Empreinte de mélancolie, cette Song of the Swamp (Chanson du marais) – c’est son sous-titre – raconte une disparition brutale. Ce qui peut surprendre, car elle faisait partie à l’origine du répertoire d’une comédie de Broadway fortement marquée par la tradition des minstrel shows – une forme de divertissement où les personnages noirs étaient souvent interprétés par des Blancs grimés en Noirs. Pourtant, dès sa sortie, Chloé s’est détachée de ce contexte. Des artistes noirs se la sont appropriée à leur tour et l’ont transformée, passant d’un numéro de scène pathétique à un vrai blues. En quelques années, Chloé devient un standard du jazz, que certains orchestres proposent dans des versions instrumentales, tandis que d’autres formations le réinterprètent avec chant. Des noms comme le Tracy-Brown Orchestra of Chicago, le Paul Whiteman Concert Orchestra et The Gotham Troubadours devaient résonner comme de véritables paradis musicaux en Boris Vian, passionné de jazz depuis sa jeunesse. Jazz qui fut pour lui, selon Gilbert Pestureau, préfacier de ses œuvres complètes, « l’oxygène et le sang ».

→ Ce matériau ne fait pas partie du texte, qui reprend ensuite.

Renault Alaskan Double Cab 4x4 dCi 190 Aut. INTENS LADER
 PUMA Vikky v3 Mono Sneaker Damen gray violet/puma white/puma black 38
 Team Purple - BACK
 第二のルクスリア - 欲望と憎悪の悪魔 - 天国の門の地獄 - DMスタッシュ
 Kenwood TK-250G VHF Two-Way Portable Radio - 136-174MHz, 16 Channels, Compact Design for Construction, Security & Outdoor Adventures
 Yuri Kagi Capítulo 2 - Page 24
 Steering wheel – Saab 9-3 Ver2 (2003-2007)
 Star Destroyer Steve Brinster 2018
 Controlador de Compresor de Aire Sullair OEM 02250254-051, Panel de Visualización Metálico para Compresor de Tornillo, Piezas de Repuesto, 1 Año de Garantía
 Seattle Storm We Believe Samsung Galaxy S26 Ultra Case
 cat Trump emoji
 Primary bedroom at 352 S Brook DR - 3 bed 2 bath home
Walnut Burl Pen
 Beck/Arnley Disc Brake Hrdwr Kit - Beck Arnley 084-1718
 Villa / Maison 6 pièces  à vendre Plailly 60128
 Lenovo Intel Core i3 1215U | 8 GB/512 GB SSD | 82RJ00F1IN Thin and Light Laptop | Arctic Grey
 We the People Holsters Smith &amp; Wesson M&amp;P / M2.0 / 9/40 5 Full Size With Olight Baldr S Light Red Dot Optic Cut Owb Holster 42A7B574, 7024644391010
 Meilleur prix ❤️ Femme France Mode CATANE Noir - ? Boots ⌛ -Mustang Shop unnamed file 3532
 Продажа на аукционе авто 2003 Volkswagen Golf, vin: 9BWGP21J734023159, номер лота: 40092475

Que Vian ait connu le solo de piano d’Art Tatum (1928) ou la version de Benny Goodman (1937), qui fait swinguer toute noirceur hors champ, reste incertain. Ce qui est sûr, c’est que l’interprétation de Louis Armstrong (chant et trompette) n’a vu le jour que plusieurs années après L’Écume des jours. Qu’importe : depuis qu’il était tombé amoureux de sa musique lors d’un concert au Palais de Chaillot en 1939, c’est Duke Ellington qui comptait le plus à ses yeux – ce grand maître du raffinement sonore qui faisait évoluer harmonie et couleur dans l’univers du big band.
Revenons à la scène de la rencontre entre Colin et Chloé. L’amour naît-il d’un morceau de musique, ou la jeune femme devient-elle le produit d’une imagination sonore, projetée par un désir masculin ? Le fait même que, dès le départ, des chanteuses comme Eva Taylor et Bessie Brown aient elles aussi interprété Chloé brouille d’emblée la répartition des rôles entre « l’aimant » et « l’aimé·e ». C’est sans doute dans cette ambiguïté que réside une part de ce qui fascine encore – quand une voix, un thème ou un solo de saxophone ténor fait résonner quelque chose de profondément intime.